(What needs to be done): Return the lines below that contain the word "Street".

(Information):
▽
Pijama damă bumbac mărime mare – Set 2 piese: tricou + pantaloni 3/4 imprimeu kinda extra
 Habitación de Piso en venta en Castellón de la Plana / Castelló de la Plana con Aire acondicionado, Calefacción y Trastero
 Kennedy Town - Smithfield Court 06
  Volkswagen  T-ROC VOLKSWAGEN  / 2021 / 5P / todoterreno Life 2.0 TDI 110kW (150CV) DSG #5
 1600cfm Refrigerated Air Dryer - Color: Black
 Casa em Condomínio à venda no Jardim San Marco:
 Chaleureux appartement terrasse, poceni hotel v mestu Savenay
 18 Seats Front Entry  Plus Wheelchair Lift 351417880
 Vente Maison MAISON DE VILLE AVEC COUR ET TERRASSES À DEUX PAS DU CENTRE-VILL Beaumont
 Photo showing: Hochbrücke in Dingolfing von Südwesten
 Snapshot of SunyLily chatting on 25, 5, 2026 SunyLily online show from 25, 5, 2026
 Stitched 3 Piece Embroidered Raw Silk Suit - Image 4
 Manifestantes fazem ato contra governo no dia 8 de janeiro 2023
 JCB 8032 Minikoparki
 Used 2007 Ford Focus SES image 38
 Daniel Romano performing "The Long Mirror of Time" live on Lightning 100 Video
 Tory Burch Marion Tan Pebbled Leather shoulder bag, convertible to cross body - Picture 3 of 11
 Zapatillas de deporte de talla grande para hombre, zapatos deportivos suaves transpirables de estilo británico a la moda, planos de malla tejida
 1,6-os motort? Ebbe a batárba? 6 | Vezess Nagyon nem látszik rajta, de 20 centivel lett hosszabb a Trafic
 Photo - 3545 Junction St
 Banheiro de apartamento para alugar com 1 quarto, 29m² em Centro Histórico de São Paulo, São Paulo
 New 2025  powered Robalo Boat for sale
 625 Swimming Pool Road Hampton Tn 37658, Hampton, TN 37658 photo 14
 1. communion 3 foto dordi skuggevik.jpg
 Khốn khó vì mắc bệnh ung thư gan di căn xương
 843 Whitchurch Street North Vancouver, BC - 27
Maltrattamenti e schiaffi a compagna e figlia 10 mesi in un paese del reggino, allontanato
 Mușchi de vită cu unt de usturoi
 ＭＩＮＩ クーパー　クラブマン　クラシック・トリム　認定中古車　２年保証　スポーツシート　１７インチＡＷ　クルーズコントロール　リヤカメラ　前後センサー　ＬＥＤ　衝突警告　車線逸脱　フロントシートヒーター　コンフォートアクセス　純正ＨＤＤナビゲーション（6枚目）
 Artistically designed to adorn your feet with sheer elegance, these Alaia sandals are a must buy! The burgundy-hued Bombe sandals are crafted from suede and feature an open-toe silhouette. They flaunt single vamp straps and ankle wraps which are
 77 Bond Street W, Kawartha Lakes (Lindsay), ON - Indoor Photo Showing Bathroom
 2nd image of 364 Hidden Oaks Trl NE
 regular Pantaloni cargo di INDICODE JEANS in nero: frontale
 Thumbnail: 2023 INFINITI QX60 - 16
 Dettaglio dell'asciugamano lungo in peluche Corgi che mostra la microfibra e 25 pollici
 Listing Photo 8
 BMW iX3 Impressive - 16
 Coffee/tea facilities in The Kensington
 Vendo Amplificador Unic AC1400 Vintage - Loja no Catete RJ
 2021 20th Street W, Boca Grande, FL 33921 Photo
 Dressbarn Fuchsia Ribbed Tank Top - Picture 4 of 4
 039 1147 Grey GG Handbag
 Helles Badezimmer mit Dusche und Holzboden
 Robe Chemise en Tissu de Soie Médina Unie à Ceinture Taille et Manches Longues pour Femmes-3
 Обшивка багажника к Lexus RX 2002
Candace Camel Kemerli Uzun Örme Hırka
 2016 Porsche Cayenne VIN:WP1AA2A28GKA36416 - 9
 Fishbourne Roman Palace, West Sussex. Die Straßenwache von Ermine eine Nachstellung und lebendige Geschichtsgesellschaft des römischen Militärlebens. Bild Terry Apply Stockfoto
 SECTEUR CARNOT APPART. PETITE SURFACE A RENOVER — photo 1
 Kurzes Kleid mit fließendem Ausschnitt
△
(Answer section):
 843 Whitchurch Street North Vancouver, BC - 27
 77 Bond Street W, Kawartha Lakes (Lindsay), ON - Indoor Photo Showing Bathroom
 2021 20th Street W, Boca Grande, FL 33921 Photo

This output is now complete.